Repeat each entry word for word. Leave any images out of the copy.

-- Given information follows --

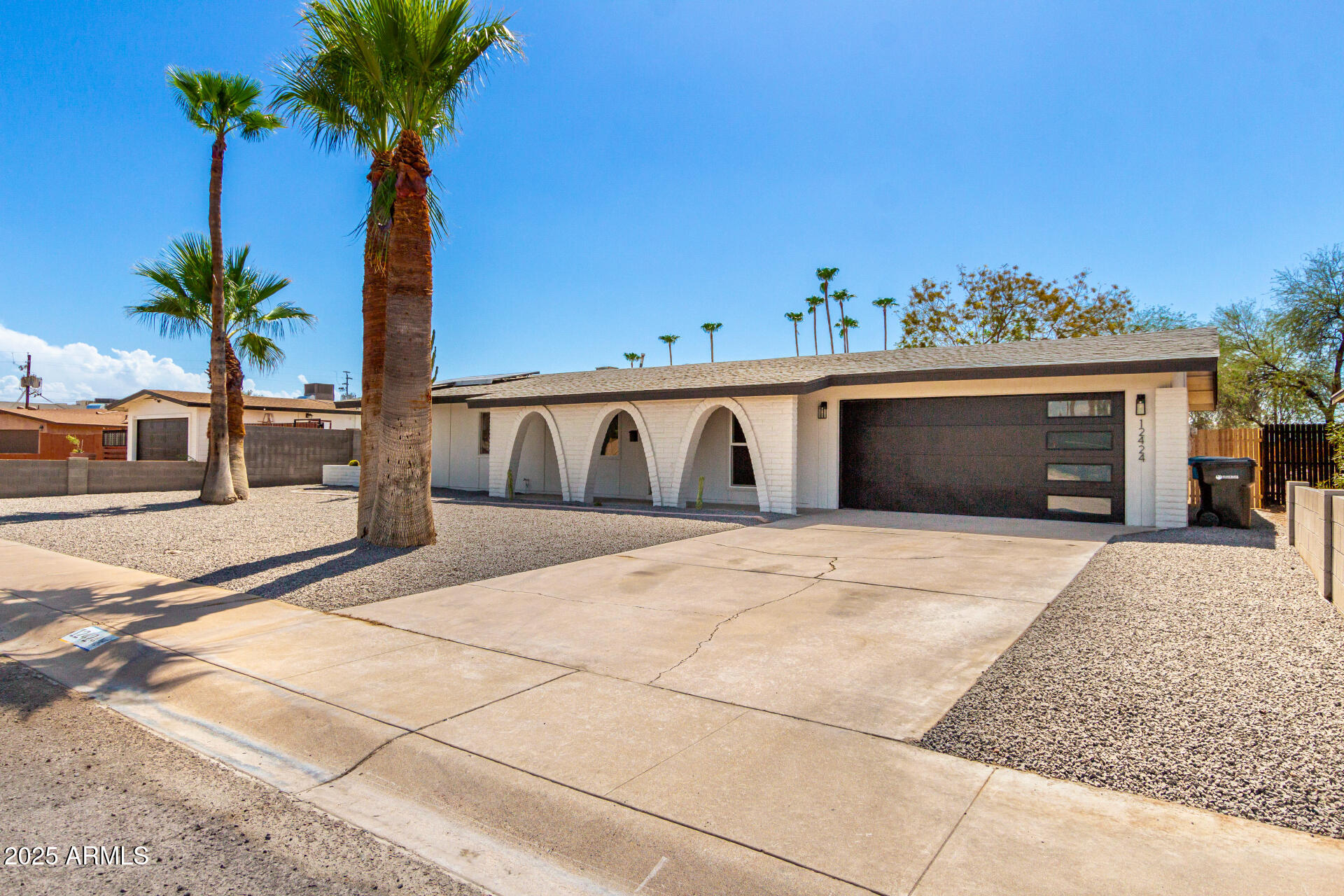12424 N 33RD Street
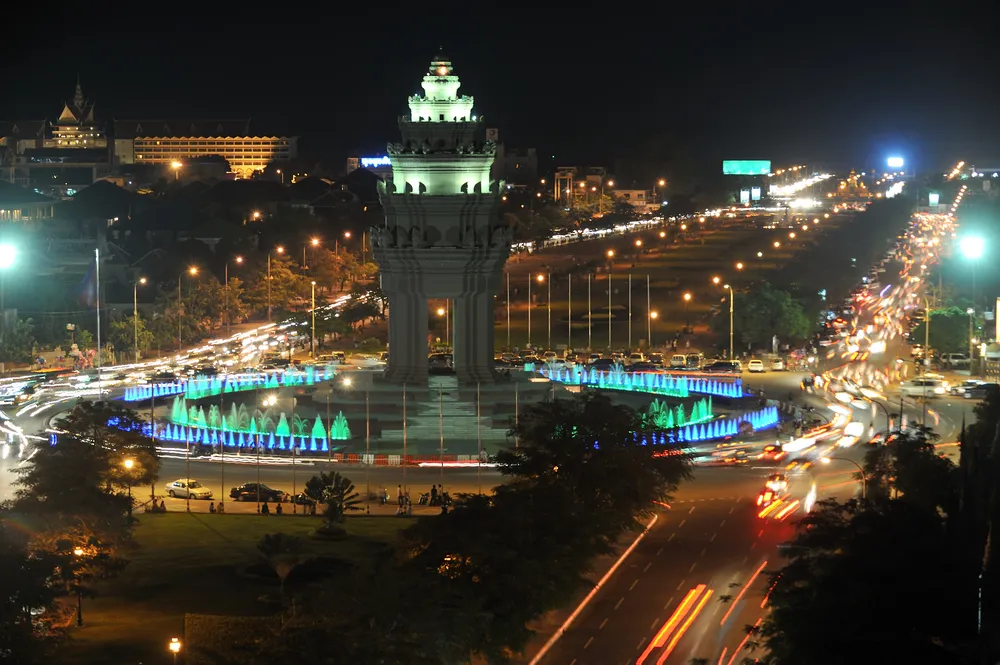 Kolejny kraj potwierdza pierwszy przypadek zarażenia koronawirusem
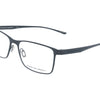 Porsche Design (P8346/A)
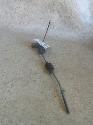 View Auto part Cable Alfa Romeo 156 2000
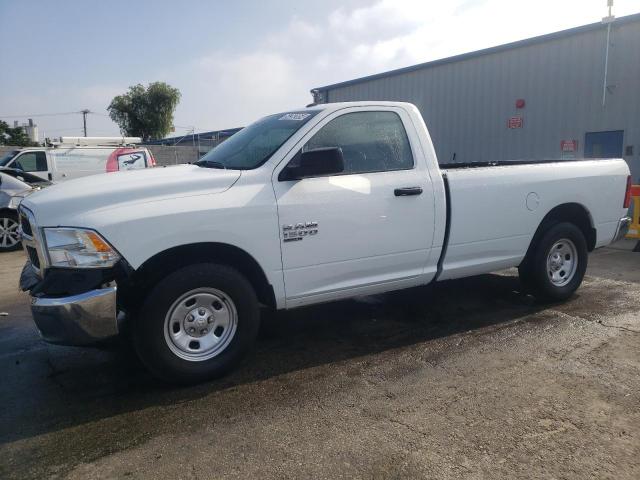 ram 1500 2022 3c6jr6dg4ng428118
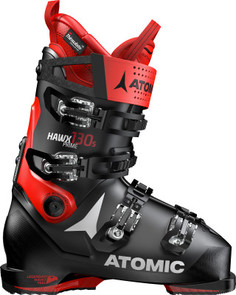 Ботинки горнолыжные Atomic HAWX PRIME 130 S, размер 29 см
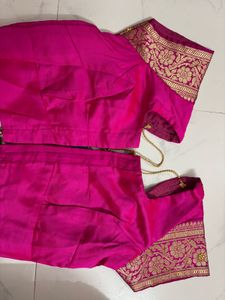 Wedding Outfit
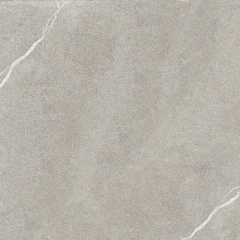 Плитка Exagres BASE P ALBAROC GALENA 8х330х330 мм Мукачево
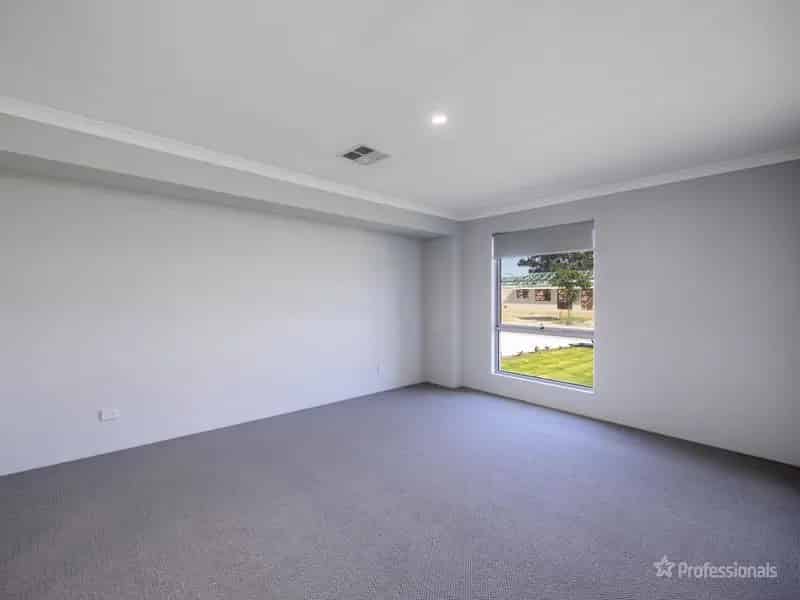House For Rent , City of Swan, Western Australia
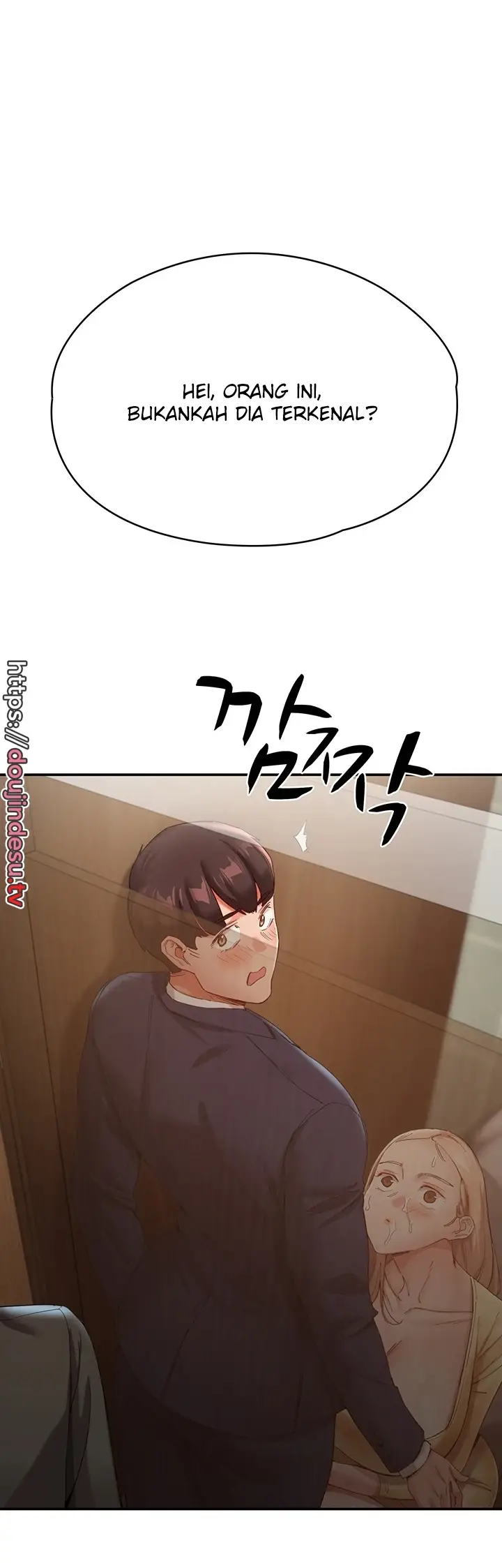 image-komik-living-with-two-big-chested-women-chapter-27-61/65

-- Given information concluded --

■ Exercise solution:
12424 N 33RD Street
 Kolejny kraj potwierdza pierwszy przypadek zarażenia koronawirusem
 Porsche Design (P8346/A)
 View Auto part Cable Alfa Romeo 156 2000
 ram 1500 2022 3c6jr6dg4ng428118
 Ботинки горнолыжные Atomic HAWX PRIME 130 S, размер 29 см
 Wedding Outfit
 Плитка Exagres BASE P ALBAROC GALENA 8х330х330 мм Мукачево
House For Rent , City of Swan, Western Australia
 image-komik-living-with-two-big-chested-women-chapter-27-61/65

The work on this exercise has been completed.